The law that provides the basis for reservation for economically weaker sections is a “fraud on the Constitution”, a lawyer representing a group of petitioners told the Supreme Court on Tuesday, Bar and Bench reported.

The petitioners before the Supreme Court have challenged the 103rd amendment to the Constitution, which introduced changes to Articles 15 and 16 that deal with the right to equality and provide the basis for reservations.

Advocate Mohan Gopal, appearing for the petitioners, said that the constitutional amendment was dividing the country on the lines of caste. “This amendment is being seen as an instrument to protect the privileged rather than safeguarding the marginalised,” he told the court.

Gopal argued that the purpose of reservation is meant for under-represented groups. However, it is now available to people, whose annual income of less than Rs 8 lakh, he added.

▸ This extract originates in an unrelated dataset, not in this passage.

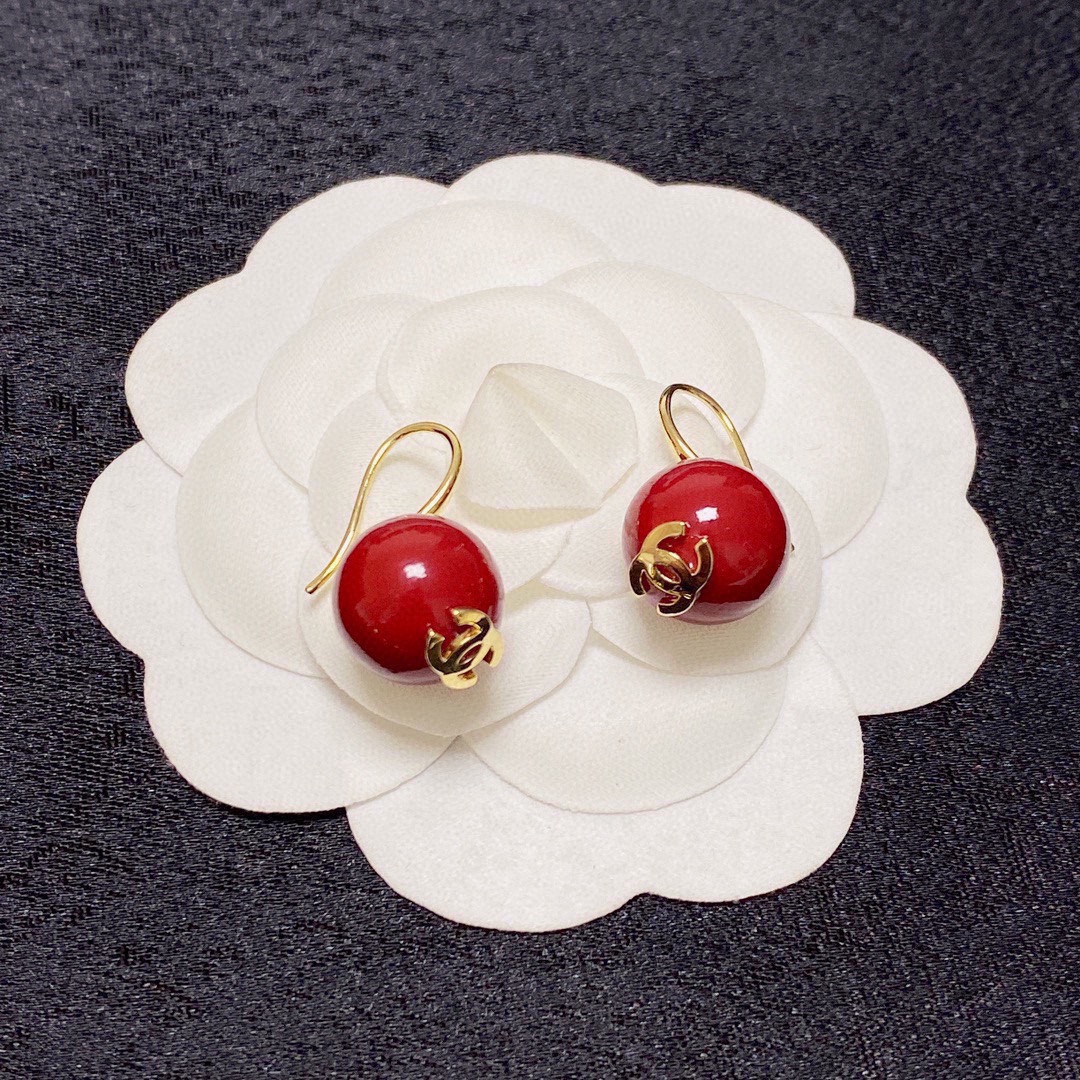 CHANEL Stud earrings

In this context, the lawyer said that 96% of Indians earn less than Rs 25,000 for a family of four. “We need to yield to this 96% and be gracious,” he said, according to Live Law.

Gopal argued that backward classes had sought representation, and not economic upliftment, through reservations. “We are not interested in the reservation, we are interested in representation,” he told the court. “If someone brings a better way of representation than reservation, we will throw away the reservation in the Arabian Sea.”

The Union government introduced the economically weaker sections quota for those who cannot avail of reservations granted to Scheduled Castes, Scheduled Tribes and Other Backward Classes, but have an annual family income of less than Rs 8 lakh. However, if the family owns more than 5 acres of agricultural land or 1,000 square feet of residential land, the person will not be eligible.

Last year, the Supreme Court made a prima facie observation that these criteria seemed arbitrary. Since the income criteria of Rs 8 lakh per annum were used to exclude the “creamy layer” from the Other Backward Classes quota, the court questioned if the Centre had mechanically included the distinction for economically weaker sections as well.

A Constitution bench, led by Chief Justice UU Lalit, said it wants to examine whether the 10% quota for upper caste economically weak aspirants in government jobs and college admissions, violated the basic structure of the Constitution. It will also check if the reservation framework was hampered by excluding Socially and Educationally Backward Classes, Other Backward Classes, Scheduled Castes and Scheduled Tribes from the scope of the quota.